- Short descriptive text snippets
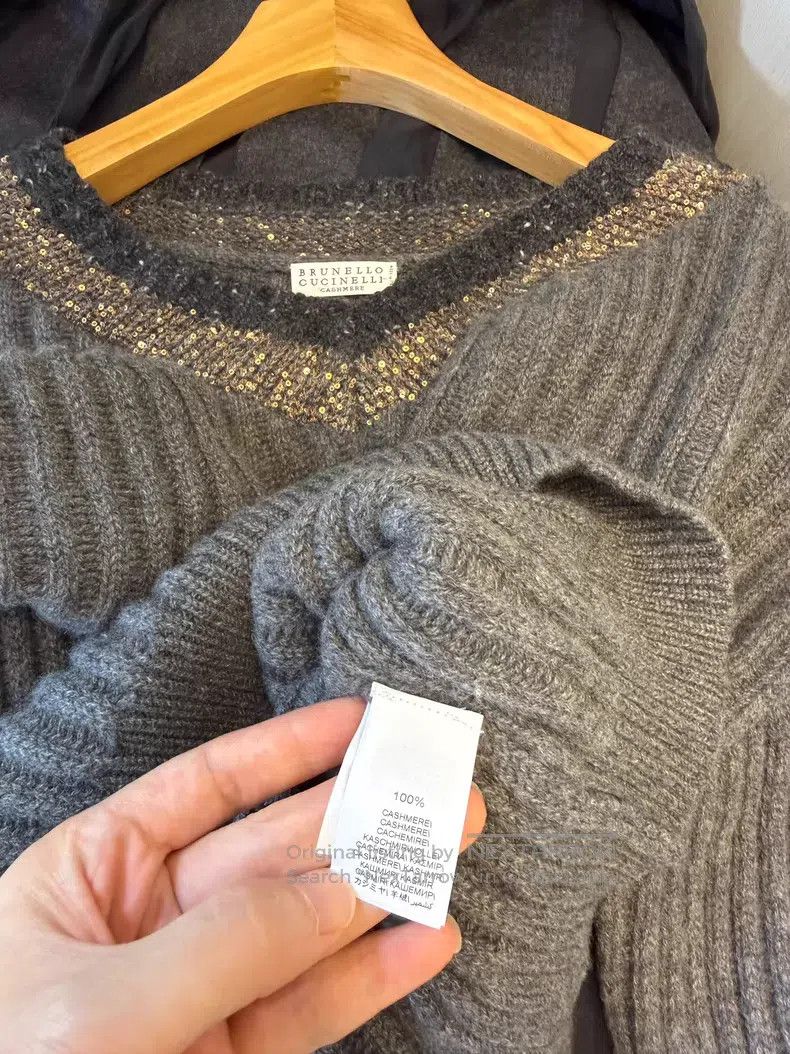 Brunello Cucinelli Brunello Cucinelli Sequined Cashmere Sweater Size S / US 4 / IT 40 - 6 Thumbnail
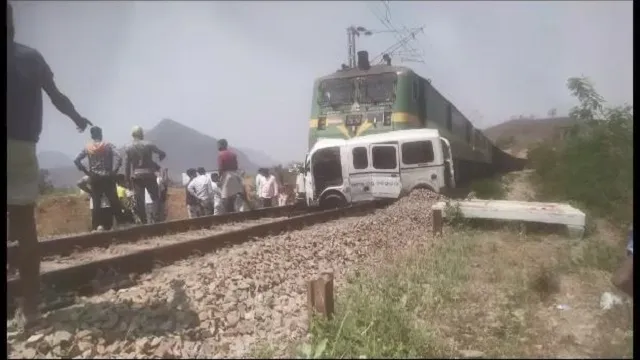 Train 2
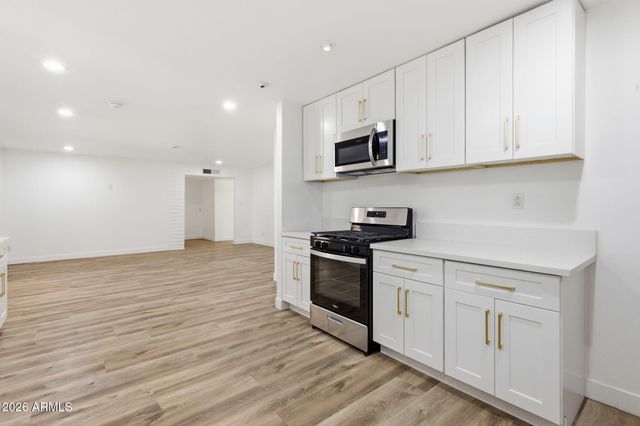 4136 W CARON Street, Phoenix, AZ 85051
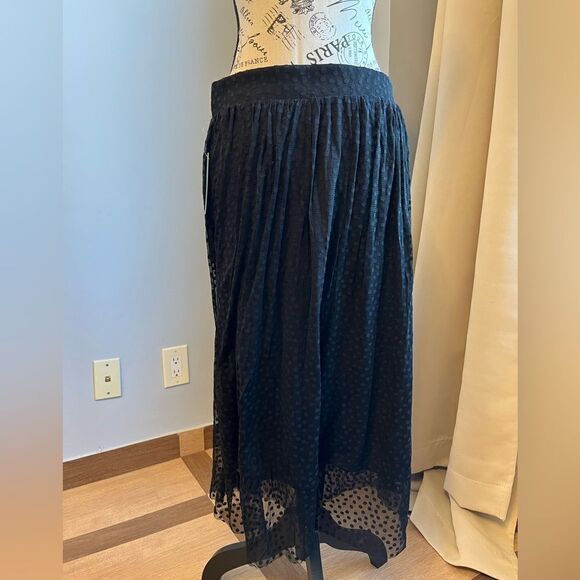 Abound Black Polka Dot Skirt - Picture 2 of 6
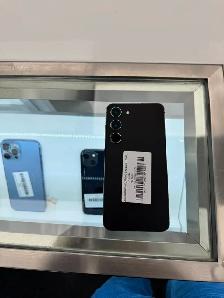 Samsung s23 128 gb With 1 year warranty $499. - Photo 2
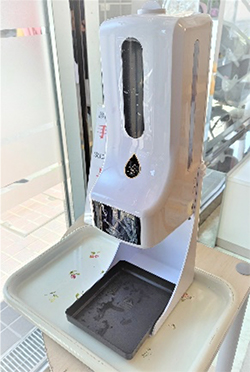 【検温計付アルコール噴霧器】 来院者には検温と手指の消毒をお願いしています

- What you should do
From the line with "Samsung s23 128" through the final line of the records above, return each line exactly and nothing else. Pictures are to be skipped.

- Result of this exercise
 Samsung s23 128 gb With 1 year warranty $499. - Photo 2
 【検温計付アルコール噴霧器】 来院者には検温と手指の消毒をお願いしています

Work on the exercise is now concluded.